Dataset items:
——————————

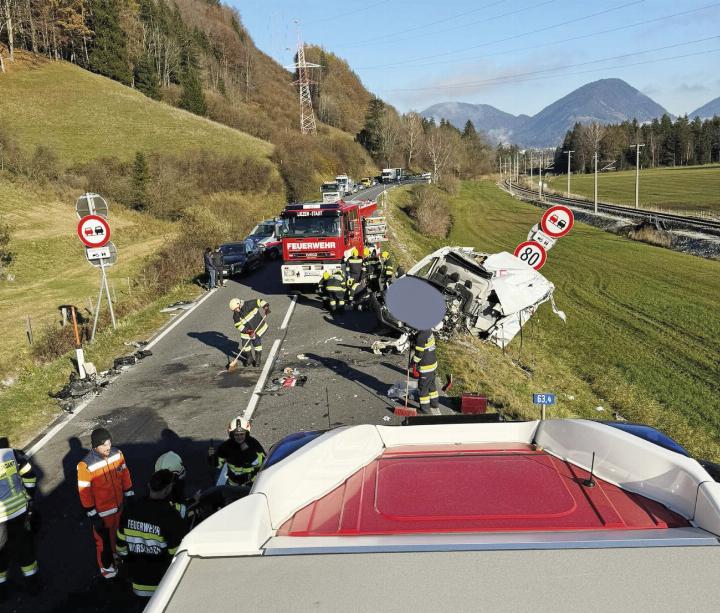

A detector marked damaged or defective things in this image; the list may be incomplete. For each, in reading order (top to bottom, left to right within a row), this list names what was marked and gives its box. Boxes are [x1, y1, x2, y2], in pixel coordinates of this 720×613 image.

crashed vehicle [374, 246, 564, 354]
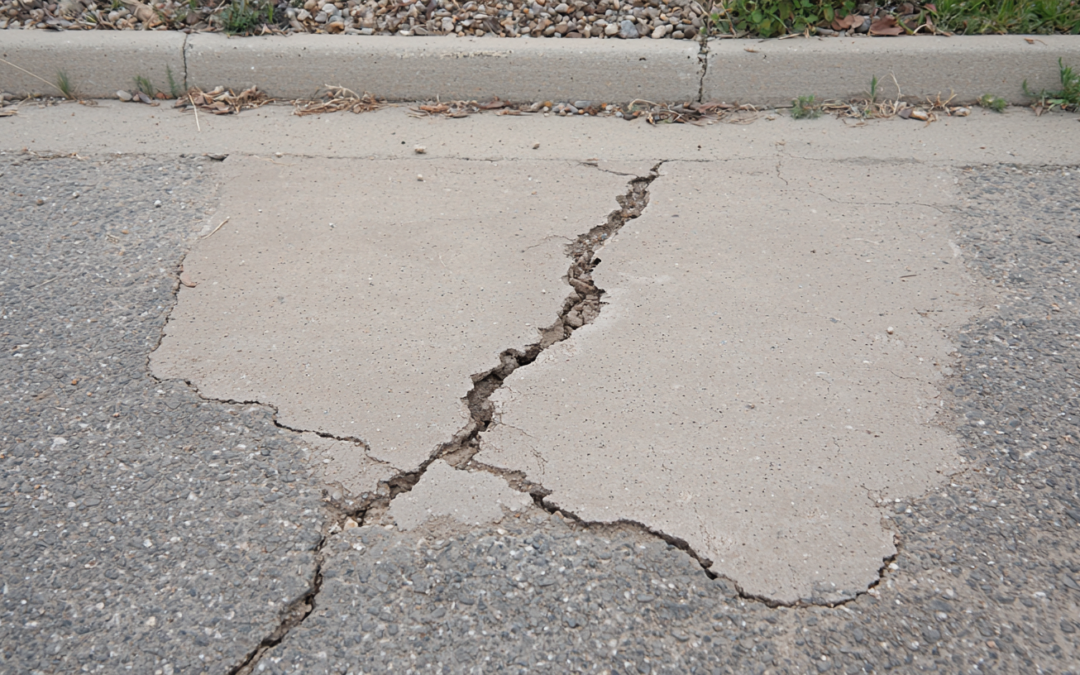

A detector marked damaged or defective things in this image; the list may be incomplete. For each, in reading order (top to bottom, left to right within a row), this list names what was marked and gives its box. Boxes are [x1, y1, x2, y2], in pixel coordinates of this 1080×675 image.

broken concrete edge [4, 30, 1075, 104]
cracked concrete slab [147, 155, 630, 481]
cracked concrete slab [388, 457, 531, 531]
cracked concrete slab [477, 157, 984, 604]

——————————

Exercise:
Transcribe all the entries precisely. Do not include any picture.

Written response:
A detector marked damaged or defective things in this image; the list may be incomplete. For each, in reading order (top to bottom, left to right within a row), this list names what was marked and gives its box. Boxes are [x1, y1, x2, y2], in pixel coordinates of this 720×613 image.

crashed vehicle [374, 246, 564, 354]

A detector marked damaged or defective things in this image; the list may be incomplete. For each, in reading order (top to bottom, left to right within a row), this list names what was marked and gives its box. Boxes are [x1, y1, x2, y2], in pixel coordinates of this 1080×675 image.

broken concrete edge [4, 30, 1075, 104]
cracked concrete slab [147, 155, 630, 481]
cracked concrete slab [388, 457, 531, 531]
cracked concrete slab [477, 157, 984, 604]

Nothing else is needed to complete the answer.